Centering Map Viewports Near Locations while Preserving Privacy

Last week, I was at a #pdxgeekout session at the Ace Hotel in downtown Portland. @caseorganic, @aaronpk, @brennannovak, and @maxogden were there and Aaron was working on geoloqi and asked everyone how to best randomize the location data used to center the map.

Why try and mask someone’s location? I could set up geoloqi to let people I don’t know leave message that I get only when I pass withing a certain distance from that message. How do they leave a message in an area that I’m likely to get the message? They have to be able to see where I’m likely to find a message. This means the map they see needs to be centered near my location. Since geoloqi is open source, everyone has access to the source. If the interface for people to leave messages is public — which it is, then anyone can query it.

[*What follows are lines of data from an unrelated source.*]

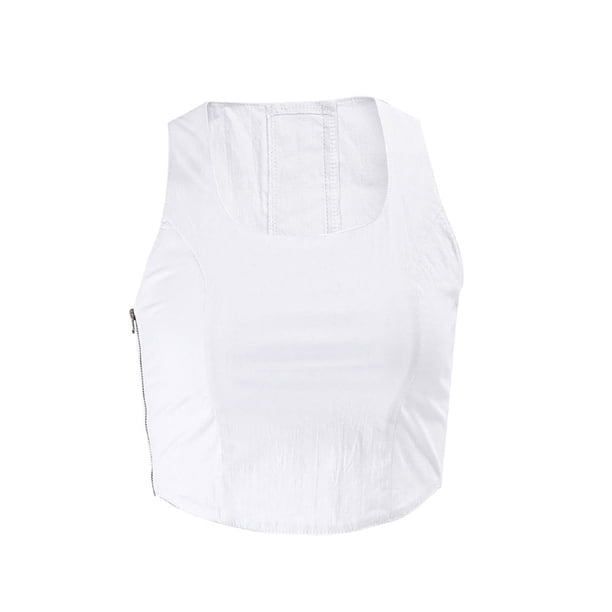 VISgogo Chaleco de mujer, sin mangas, cuello en U, lazo en la espalda, tops de verano ajustados sólidos para fiesta de club VISgogo moda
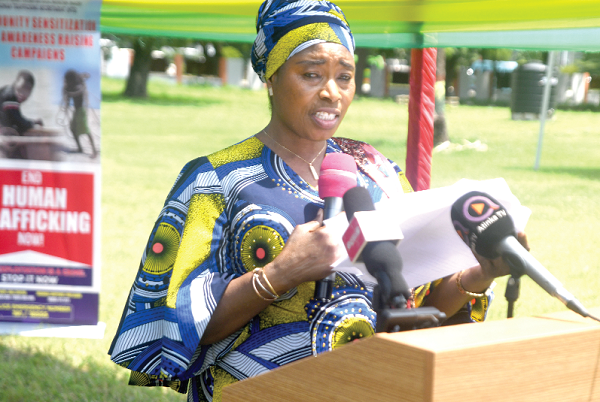   Lariba Zuweira Abudu (left), Minister designate for Gender, Children and Social Protection, speaking at the durbar to commemorate the National Children’s Day in Accra 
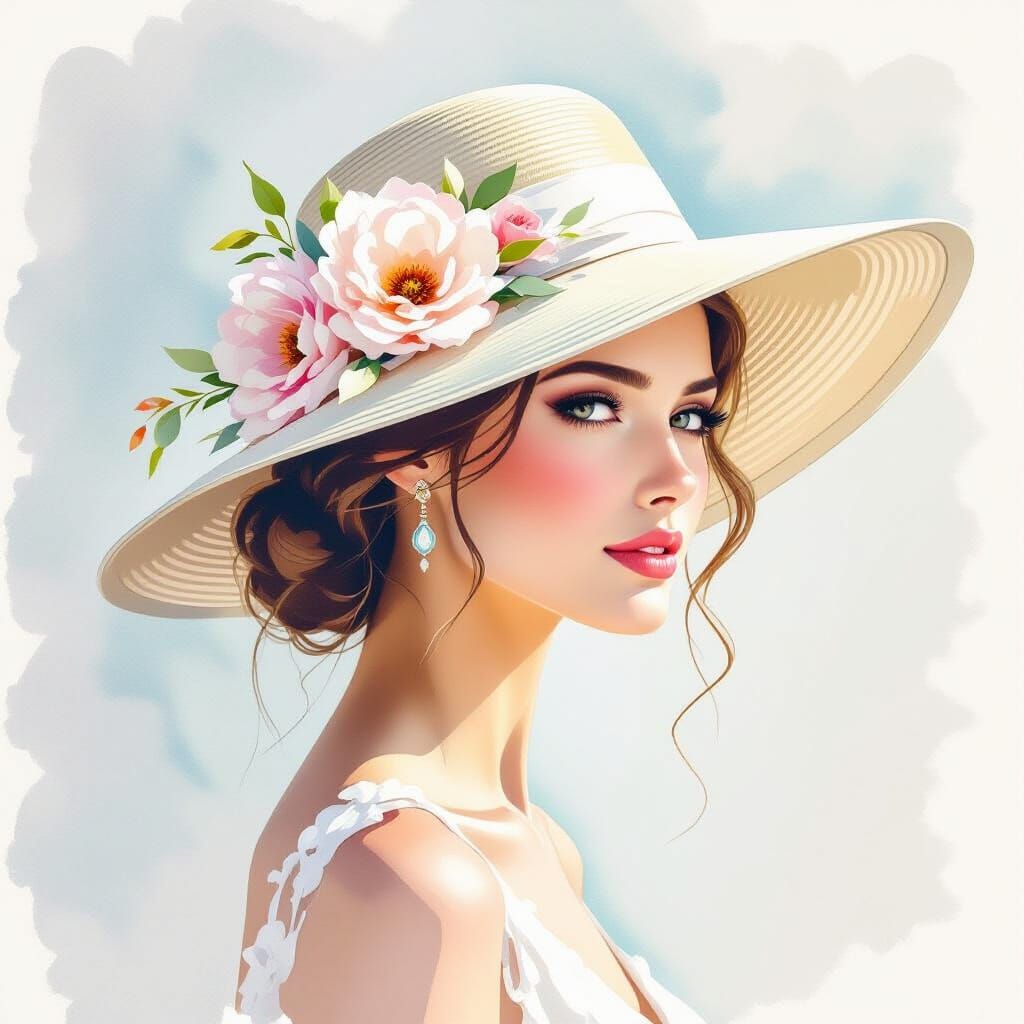 Southern Wedding Hat Portrait in Watercolor and Ink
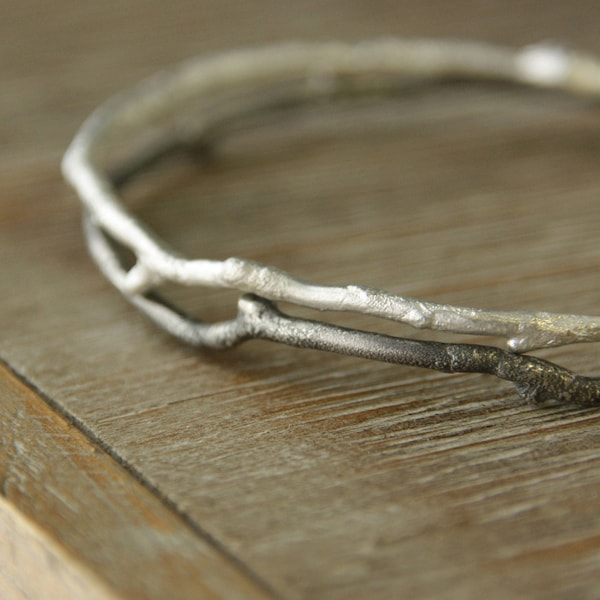 Twig Bracelet, Sterling Silver Bracelet Bangle Bracelet, handmade, gift for her, eco friendly, branch twig woodland, women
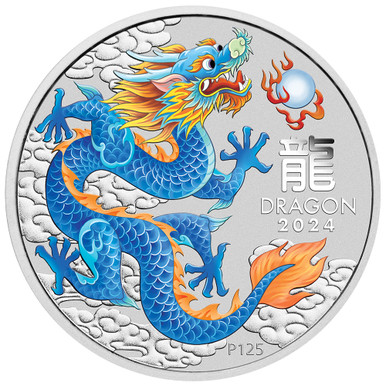 2024 P Australia Silver Colorized Blue Lunar Year of the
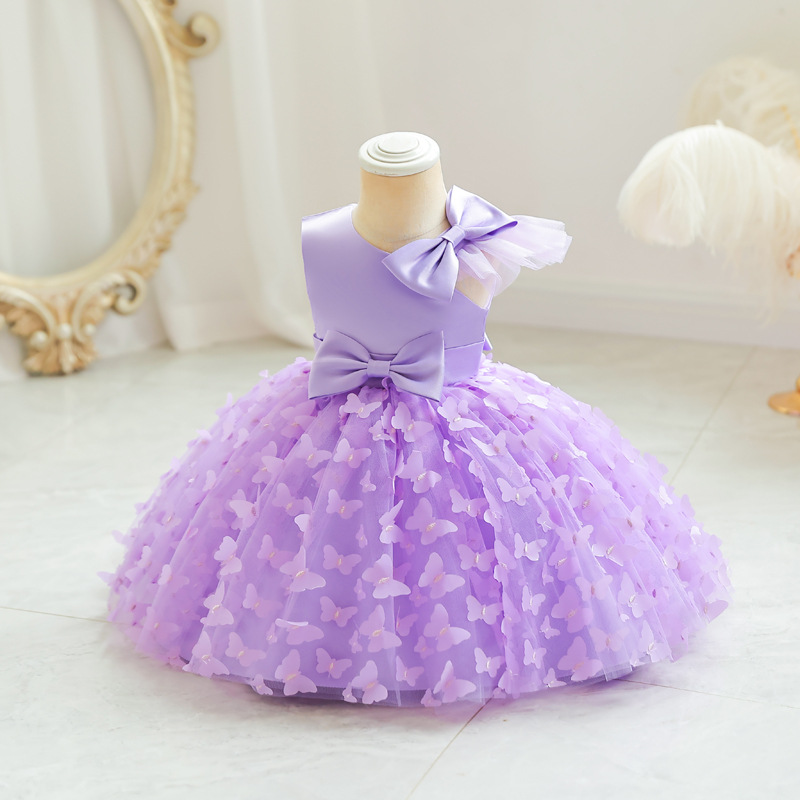 Elegant Princess Solid Color Polyester Girls Dresses display picture 8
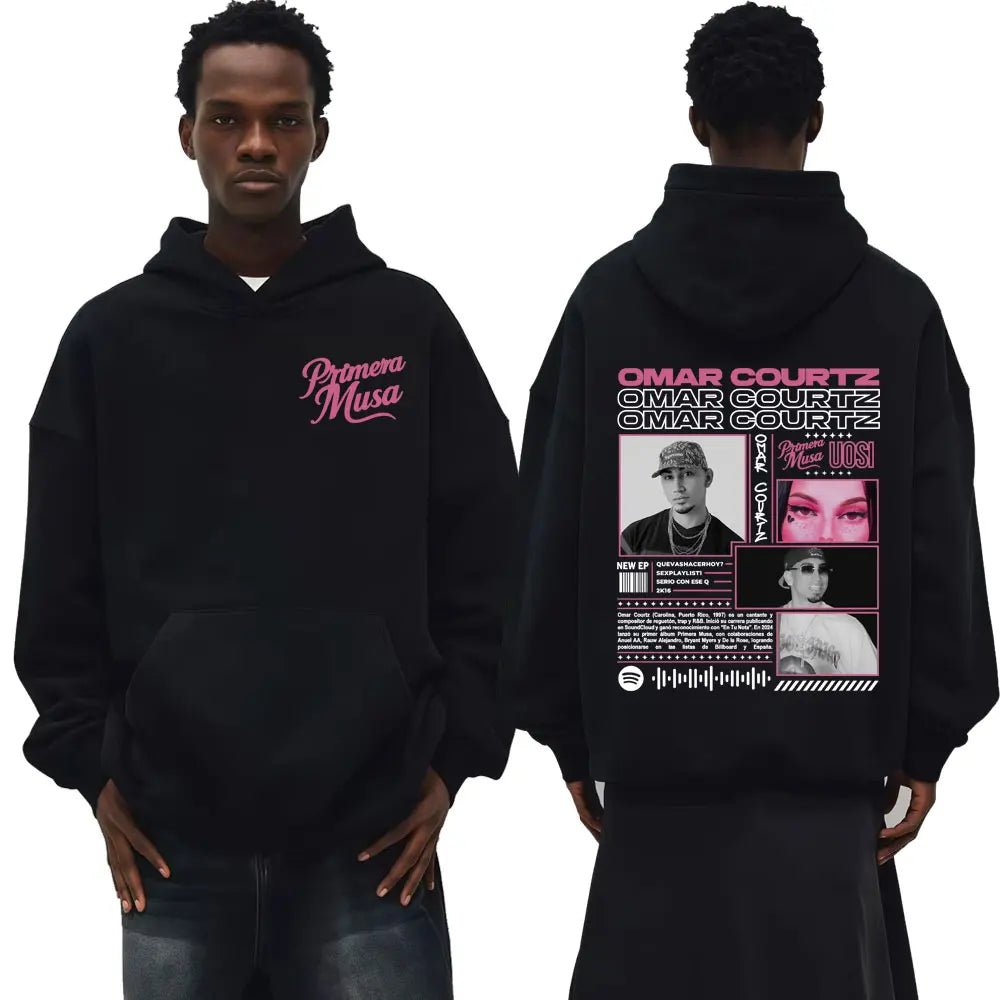 Omar Courtz Primera Musa Album Tour Double Sided Printed Hoodies Men Women Hip Hop Vintage Hoodie Casual Long Sleeve Sweatshirts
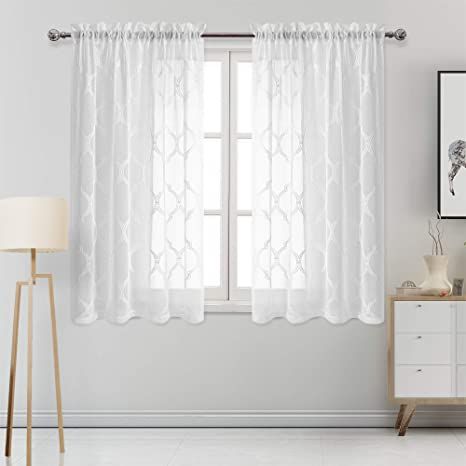 DWCN Moroccan Embroidered Sheer Curtains - Rod Pocket Faux Linen Semi Voile Geometric Lattice Drapes for Bedroom and Living, Set of 2 Window Curtain Panels, 52 x 54 Inch Length, Off White Window Treatments Sheer, Sheer Linen Curtains, Living Room Curtains, White Sheer Curtains, Voile Curtains, Sheer Curtain Panels, Room Curtains, Drape Panel, Curtain Texture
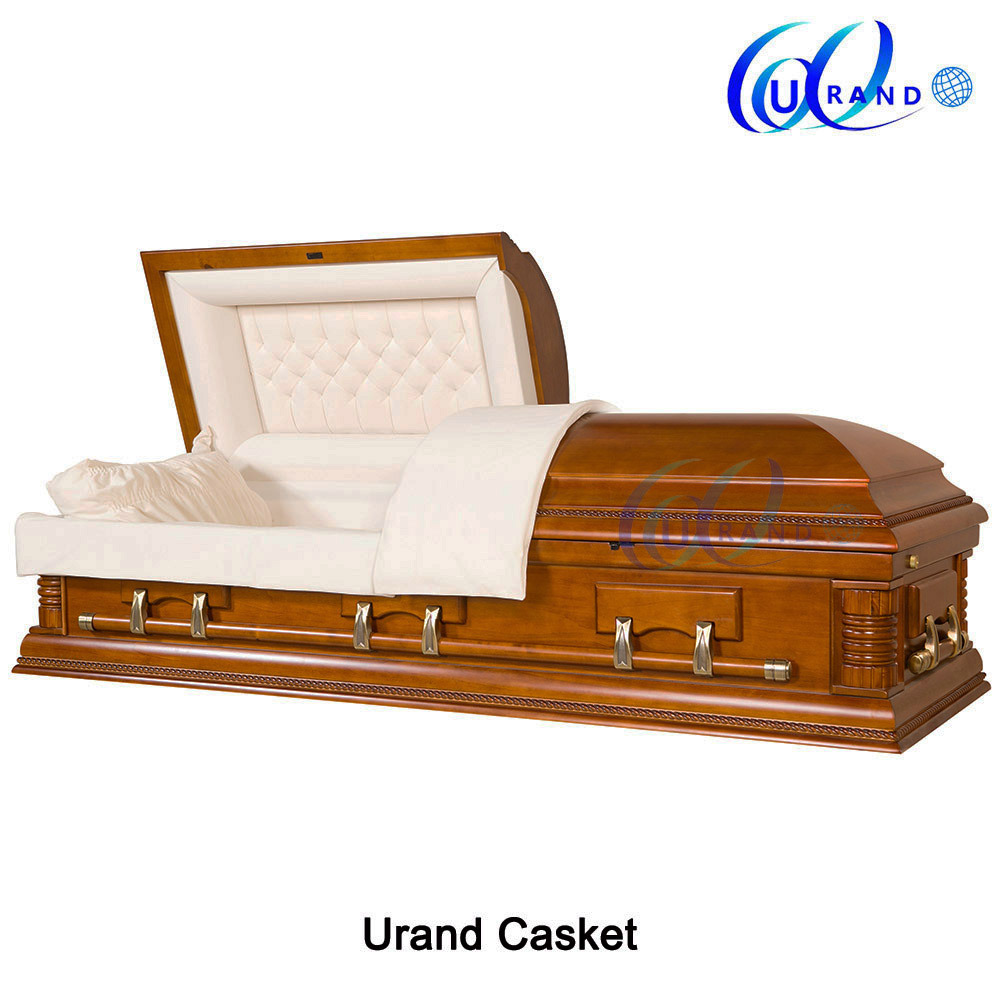 Professional Polished Adult Funeral Velvet Coffin Lumber Casket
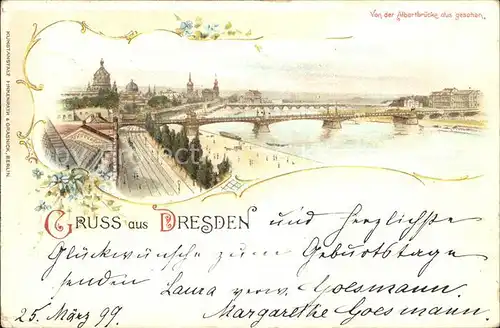 Dresden Blick von der Albertbruecke Kat. Dresden Elbe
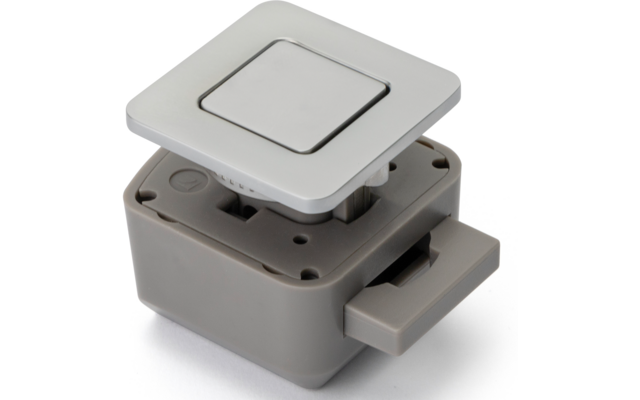 Elektronischer Taster mit quadratischer Taste und grauem Gehäuse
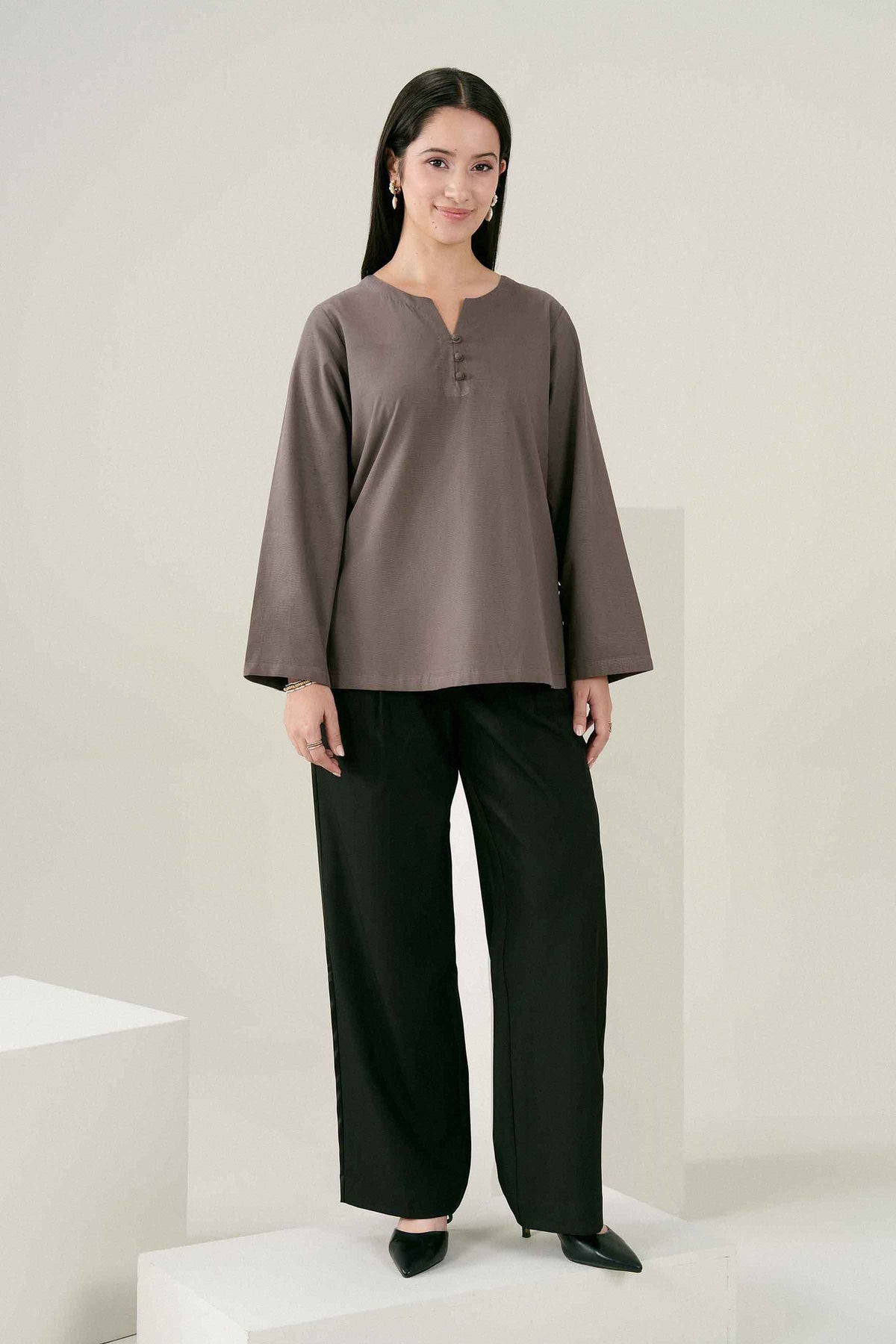 Grey Solid Tunic in Yarn Dyed ready-to-wear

If it just returned my location offset by a random amount, given a certain number of queries the centroid of the returned locations would be, quite accurately, my location.

What geoloqi needs is a method of offsetting the current location which statistically cannot be tricked or munged into reproducing one’s current location. This is the major constraint: How does one ensure that a dedicated (stalker/zombie/attacker/real life spamer/salesman) cannot reproduce one’s location, given the algorithm and a set of data requested from the public API for the map center?

Instead of returning a location that is only a random offset from my current location, I want it to take my history into account. I would like it to take all of my history in a certain region — let us call it \mathcal{R} — and assign a certain probability of me being there based on a sampling of the points. How do I go about doing this?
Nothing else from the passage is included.